The 36 Flames 🔥
- Julia Chapple
- Mar 6
- 3 min read
The Journey of Creating My Decan Deck: The 36 Flames
Every creative project begins somewhere, often with a small spark of curiosity. For me, ‘The 36 Flames’ began with a fascination for the decans an ancient astrological system that divides the zodiac into thirty‑six sections, each with its own symbolism, energy, and imagery.
I had always been drawn to the deeper layers of astrology, particularly the older traditions where myth, astronomy, magic, and philosophy intersect. The decans intrigued me because they felt like something hidden in plain sight mentioned in various traditions but often difficult to find clear, accessible information about. The more I searched, the more I realized that understanding them required patience, research, and imagination.
Around that same period, my life had been turned upside down. Sometimes those moments of disruption open unexpected doors. I happened to be taking a class on the PGM (Greek Magical Papyri), where the decans were part of the material being discussed. As an artist, the imagery connected to the decans immediately caught my attention. They were strange, symbolic, and vivid perfect starting points for visual exploration.
That’s when I decided to begin what I called a “Decan walk.” I started creating them one by one, moving through the sequence and allowing each image to develop naturally. At the time, I wasn’t thinking about creating a deck. It was simply a personal artistic exploration—sketching, researching, and gathering fragments of symbolism, mythology, and intuition as I went.
As the images accumulated, something interesting began to happen. Each decan seemed to carry its own atmosphere and personality. They no longer felt like abstract divisions of the zodiac but more like distinct presences, each holding a different tone or mood.
It wasn’t until a few people saw the growing series and suggested that it could become a deck that the idea truly started to take shape. Sometimes you need someone else to point out the direction your work is already moving in. From that point onward, the project began to crystallize into what would eventually become ‘The 36 Flames’.

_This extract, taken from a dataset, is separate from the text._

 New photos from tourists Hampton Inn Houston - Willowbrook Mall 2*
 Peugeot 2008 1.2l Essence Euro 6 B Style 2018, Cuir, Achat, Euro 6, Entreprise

The name came to me while reflecting on the historical associations of the decans with stars and celestial fire. In ancient traditions, these thirty‑six divisions were connected with the rising of specific stars and with the passage of time across the night sky. Each one felt like a torch marking a stage in a larger cosmic procession. The image of flames seemed fitting, for each Decans own spark, burning within the wider cycle of the zodiac.
Creating the images became a dialogue between research and intuition. I spent time studying traditional descriptions of the decans from older astrological and magical texts, many of which contain wonderfully strange imagery. At the same time, I didn’t want to simply reproduce historical illustrations. I wanted the images to feel alive and relevant today.
My artistic approach naturally gravitates toward layered symbolism. I enjoy working with fragments, faces, textures, and symbolic objects, allowing them to interact and form unexpected relationships. Through this process, the images began to carry a sense of being both ancient and contemporary at the same time, which felt perfectly aligned with the spirit
Some of the cards appeared almost effortlessly, as if they already existed somewhere waiting to be uncovered. Others took much longer. There were moments when an image simply wouldn’t resolve, when the symbolism felt incomplete, and I had to step away before returning with fresh eyes. That rhythm of exploration, frustration, and discovery became part of the creative process.
As the full set began to come together, I started to see how the decans form a kind of narrative when viewed as a whole. Moving through the thirty‑six flames feels like travelling through a landscape of shifting energies, moments of growth, tension, transformation, and renewal. Each card stands on its own, but together they create a larger rhythm that echoes the movement of the zodiac itself.
Looking back, creating ‘The 36 Flames’ has been as much a personal journey as an artistic one. Working with the decans encouraged me to pay closer attention to cycles, symbolism, and the subtle ways images can carry meaning. It reminded me that art and astrology share something important: both are ways of exploring patterns and translating them into forms we can see and experience.
The deck now exists as something tangible that can be held and used, but the exploration doesn’t really end there. Every time I revisit the cards, I notice new connections and nuances I hadn’t seen before. The flames continue to flicker in different ways.
In the end, ‘The 36 Flames’ is an invitation, to explore the decans as living symbols, to look at the sky through an older lens of myth and imagination, and to see what new meanings might emerge along the way.